Content starts

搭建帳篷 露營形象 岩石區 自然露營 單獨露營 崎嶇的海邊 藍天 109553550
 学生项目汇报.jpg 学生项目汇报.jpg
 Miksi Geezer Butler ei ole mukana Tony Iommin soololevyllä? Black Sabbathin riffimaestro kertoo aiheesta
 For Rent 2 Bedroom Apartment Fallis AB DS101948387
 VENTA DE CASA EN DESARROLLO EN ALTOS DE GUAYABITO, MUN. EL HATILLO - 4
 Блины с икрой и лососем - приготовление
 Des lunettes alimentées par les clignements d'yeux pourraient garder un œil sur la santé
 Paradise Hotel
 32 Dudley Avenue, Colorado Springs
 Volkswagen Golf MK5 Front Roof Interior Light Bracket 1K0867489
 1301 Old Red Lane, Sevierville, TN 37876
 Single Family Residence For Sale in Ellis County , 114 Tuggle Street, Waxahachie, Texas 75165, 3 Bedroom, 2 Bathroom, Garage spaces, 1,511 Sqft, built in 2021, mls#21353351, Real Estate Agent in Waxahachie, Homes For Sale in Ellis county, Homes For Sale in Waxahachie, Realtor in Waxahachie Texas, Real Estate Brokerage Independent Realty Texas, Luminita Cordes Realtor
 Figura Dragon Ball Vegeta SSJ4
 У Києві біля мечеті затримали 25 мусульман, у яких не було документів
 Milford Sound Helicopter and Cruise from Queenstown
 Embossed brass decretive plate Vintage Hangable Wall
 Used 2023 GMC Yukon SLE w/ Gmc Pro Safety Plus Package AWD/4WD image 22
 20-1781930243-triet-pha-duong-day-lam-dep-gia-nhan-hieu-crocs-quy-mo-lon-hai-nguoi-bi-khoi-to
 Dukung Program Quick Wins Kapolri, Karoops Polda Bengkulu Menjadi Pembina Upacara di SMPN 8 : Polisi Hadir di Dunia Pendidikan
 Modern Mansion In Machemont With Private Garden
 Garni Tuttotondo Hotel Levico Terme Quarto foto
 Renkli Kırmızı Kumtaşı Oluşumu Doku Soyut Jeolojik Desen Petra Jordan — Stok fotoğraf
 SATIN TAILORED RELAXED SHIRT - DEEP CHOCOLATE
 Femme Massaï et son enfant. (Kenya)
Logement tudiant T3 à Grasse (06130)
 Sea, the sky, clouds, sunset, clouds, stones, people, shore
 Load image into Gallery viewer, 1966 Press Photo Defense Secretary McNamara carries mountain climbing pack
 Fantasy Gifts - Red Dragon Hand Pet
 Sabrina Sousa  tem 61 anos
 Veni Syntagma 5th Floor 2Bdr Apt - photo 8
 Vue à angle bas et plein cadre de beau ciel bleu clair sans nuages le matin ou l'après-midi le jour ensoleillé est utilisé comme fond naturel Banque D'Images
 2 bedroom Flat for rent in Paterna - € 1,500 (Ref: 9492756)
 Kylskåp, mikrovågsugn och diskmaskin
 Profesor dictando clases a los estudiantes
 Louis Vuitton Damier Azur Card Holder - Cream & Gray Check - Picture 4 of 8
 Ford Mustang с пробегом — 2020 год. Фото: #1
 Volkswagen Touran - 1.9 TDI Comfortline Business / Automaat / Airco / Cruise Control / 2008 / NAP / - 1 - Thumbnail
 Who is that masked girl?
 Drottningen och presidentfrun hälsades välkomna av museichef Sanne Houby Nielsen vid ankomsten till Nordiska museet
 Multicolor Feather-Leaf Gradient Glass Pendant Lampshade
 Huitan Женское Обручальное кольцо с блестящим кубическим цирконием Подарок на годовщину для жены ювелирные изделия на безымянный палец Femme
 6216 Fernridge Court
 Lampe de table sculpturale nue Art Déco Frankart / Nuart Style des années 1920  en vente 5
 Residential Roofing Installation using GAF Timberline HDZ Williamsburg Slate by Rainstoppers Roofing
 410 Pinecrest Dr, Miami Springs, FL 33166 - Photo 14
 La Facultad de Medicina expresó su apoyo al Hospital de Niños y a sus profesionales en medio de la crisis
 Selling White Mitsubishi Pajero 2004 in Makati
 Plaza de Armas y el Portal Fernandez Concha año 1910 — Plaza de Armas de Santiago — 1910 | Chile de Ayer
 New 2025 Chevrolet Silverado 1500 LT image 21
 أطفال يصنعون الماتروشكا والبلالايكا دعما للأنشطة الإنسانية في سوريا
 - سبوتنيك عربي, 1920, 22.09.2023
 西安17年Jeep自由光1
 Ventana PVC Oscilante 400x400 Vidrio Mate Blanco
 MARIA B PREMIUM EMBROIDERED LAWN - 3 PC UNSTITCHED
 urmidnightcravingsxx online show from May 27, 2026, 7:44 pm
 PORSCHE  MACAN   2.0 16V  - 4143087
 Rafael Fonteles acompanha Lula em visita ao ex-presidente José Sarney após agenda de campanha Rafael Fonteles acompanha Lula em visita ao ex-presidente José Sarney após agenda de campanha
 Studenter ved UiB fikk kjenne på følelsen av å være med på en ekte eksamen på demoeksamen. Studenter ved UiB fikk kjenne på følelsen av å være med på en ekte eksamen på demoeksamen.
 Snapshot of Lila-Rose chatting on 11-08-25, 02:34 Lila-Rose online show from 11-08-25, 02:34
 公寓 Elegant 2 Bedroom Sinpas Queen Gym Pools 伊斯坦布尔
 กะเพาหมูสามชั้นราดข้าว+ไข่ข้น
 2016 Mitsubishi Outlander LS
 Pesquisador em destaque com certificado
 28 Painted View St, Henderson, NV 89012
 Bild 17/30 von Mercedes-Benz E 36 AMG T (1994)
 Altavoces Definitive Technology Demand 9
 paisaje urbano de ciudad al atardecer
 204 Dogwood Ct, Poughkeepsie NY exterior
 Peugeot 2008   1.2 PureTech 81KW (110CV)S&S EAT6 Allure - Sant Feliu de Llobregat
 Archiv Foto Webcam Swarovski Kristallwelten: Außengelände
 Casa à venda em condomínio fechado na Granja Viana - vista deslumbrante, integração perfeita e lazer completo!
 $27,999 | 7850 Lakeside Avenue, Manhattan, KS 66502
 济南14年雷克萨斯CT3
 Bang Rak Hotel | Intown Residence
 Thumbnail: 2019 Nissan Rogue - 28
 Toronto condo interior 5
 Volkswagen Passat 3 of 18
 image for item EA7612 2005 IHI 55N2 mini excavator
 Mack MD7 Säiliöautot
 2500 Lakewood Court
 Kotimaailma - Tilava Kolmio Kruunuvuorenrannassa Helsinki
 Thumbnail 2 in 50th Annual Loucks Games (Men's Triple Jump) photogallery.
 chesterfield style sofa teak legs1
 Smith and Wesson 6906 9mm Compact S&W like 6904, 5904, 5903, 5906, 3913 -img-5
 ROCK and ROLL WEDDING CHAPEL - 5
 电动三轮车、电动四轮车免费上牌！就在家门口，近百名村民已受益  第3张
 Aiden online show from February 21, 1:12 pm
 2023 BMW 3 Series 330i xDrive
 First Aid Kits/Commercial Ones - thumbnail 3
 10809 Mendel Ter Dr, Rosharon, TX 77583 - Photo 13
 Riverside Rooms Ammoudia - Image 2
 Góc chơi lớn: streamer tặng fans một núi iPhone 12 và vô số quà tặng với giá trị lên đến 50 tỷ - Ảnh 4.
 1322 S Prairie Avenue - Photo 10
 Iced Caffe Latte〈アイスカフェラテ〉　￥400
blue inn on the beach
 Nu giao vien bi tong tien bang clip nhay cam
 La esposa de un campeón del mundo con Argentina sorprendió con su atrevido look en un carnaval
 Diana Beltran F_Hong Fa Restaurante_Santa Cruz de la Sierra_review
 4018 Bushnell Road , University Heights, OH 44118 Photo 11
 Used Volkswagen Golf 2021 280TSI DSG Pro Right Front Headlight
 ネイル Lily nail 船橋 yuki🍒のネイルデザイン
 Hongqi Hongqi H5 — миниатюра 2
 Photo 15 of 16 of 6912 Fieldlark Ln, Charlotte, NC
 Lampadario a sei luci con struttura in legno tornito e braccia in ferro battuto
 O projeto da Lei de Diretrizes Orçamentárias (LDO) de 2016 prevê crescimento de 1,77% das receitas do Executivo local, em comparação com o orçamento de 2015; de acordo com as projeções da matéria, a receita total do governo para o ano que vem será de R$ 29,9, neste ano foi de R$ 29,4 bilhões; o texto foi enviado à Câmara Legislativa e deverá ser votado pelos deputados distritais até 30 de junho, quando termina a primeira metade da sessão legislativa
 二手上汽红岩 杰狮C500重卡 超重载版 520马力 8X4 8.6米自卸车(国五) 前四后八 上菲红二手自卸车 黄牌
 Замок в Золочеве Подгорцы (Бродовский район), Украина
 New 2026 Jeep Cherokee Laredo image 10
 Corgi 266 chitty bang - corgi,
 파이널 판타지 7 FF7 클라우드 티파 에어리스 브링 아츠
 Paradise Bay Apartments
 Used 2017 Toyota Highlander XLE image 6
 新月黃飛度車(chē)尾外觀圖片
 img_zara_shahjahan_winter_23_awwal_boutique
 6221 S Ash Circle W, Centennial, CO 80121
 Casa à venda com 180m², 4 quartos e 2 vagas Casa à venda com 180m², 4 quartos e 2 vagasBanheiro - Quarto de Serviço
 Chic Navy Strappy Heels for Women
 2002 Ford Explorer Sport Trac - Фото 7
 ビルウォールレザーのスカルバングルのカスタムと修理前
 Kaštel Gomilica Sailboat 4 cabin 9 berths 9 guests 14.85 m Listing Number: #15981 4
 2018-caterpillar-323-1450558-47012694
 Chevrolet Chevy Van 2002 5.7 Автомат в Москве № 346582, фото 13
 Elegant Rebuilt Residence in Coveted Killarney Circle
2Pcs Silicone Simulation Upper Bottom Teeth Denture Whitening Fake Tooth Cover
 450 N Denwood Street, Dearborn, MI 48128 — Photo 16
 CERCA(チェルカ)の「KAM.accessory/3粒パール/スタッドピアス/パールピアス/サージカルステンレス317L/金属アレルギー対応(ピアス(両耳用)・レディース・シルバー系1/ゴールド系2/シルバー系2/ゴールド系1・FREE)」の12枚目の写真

Content ends

* **Problem to work on**:
Of all the entries above, output exactly the lines between the one holding "Sea, the sky, clouds, sunset, clouds, stones, people, shore" and the one holding "Ford Mustang с пробегом — 2020 год. Фото: #1", inclusive.

* **Worked solution**:
 Sea, the sky, clouds, sunset, clouds, stones, people, shore
 Load image into Gallery viewer, 1966 Press Photo Defense Secretary McNamara carries mountain climbing pack
 Fantasy Gifts - Red Dragon Hand Pet
 Sabrina Sousa  tem 61 anos
 Veni Syntagma 5th Floor 2Bdr Apt - photo 8
 Vue à angle bas et plein cadre de beau ciel bleu clair sans nuages le matin ou l'après-midi le jour ensoleillé est utilisé comme fond naturel Banque D'Images
 2 bedroom Flat for rent in Paterna - € 1,500 (Ref: 9492756)
 Kylskåp, mikrovågsugn och diskmaskin
 Profesor dictando clases a los estudiantes
 Louis Vuitton Damier Azur Card Holder - Cream & Gray Check - Picture 4 of 8
 Ford Mustang с пробегом — 2020 год. Фото: #1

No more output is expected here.